ISSN: 2155-9570
Shashikant Sharma, RE-ENACT 2 Study Investigators Group, Mujtaba A Khan and Alok Chaturvedi
Objective: The effectiveness of RazumabTM (world’s first biosimilar ranibizumab) in macular disorders was
established in the RE-ENACT study. The current RE-ENACT 2 study was conducted to evaluate the effectiveness of
biosimilar ranibizumab in macular disorders for a longer-term.
Methods: RE-ENACT 2 was a multicenter, retrospective data collection study. Data were collected from the
medical records of adult patients who received biosimilar ranibizumab injections between July 2015 and February
2019 at multiple centers (17 centers) across India. The study comprised both the previously treated and treatment
naive patients. Data were analyzed for improvements in: best corrected visual acuity (BCVA), central subfield
thickness (CSFT), intraocular pressure (IOP), and proportions of patients having intraretinal fluid (IRF), subretinal
fluid (SRF) from baseline at Weeks 4, 8, 12, 16, 20, 24, 30, 36 and 48.
Results: A total of 341 patients were included in this study. Majority of the patients were also suffering from
hypertension (58.1%) and diabetes (15.8%). The disease indications comprised wet age-related macular
degeneration (wet AMD, 30.2%, n=103), retinal vein occlusion (RVO, 29.6%, n=101), diabetic macular edema
(DME, 30.2%, n=103) and myopic choroidal neovascularization (mCNV, 10%, n=34). Majority of the patients were
men (60.1%) and were treatment naïve (73.6%); majority (59.2%) of the patients had received 3 (range 1-5)

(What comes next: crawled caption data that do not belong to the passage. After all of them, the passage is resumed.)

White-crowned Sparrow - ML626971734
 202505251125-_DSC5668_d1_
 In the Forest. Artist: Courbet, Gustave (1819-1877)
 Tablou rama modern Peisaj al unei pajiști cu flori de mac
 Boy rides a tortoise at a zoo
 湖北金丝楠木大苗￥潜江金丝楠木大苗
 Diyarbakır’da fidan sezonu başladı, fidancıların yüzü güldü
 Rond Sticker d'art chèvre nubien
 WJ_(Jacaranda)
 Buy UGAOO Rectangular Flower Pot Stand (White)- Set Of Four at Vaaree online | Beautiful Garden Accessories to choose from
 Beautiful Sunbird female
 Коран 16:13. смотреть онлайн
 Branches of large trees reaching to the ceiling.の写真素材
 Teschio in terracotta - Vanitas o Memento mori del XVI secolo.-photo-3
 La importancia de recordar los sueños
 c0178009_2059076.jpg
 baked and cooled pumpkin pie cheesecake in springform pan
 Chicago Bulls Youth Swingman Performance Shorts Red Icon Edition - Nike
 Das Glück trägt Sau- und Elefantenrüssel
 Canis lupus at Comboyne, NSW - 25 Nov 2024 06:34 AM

biosimilar ranibizumab injections. From baseline to all timepoints, significant improvements (P<0.001) were
observed for BCVA (baseline: 0.89 ± 0.6; Week 48: 0.43 ± 0.3) and CSFT (baseline: 467.09 ± 159.6; Week 48:
296.56 ± 49.7). Minimal changes in IOP, though not significant, were observed (baseline: 14.92 ± 3.4; Week 48:
13.89 ± 2.2; P=0.4307). A decrease in proportions of patients having IRF and SRF was also observed. There were
no new safety concerns reported.
Conclusion: The RE-ENACT 2 study further strengthens the data of biosimilar ranibizumab with improvements in
visual acuity and disease outcomes observed for a longer follow-up duration up to 48 weeks in patients with wet
age-related macular degeneration, diabetic macular edema, retinal vein occlusion and myopic choroidal
neovascularization without any new safety issues.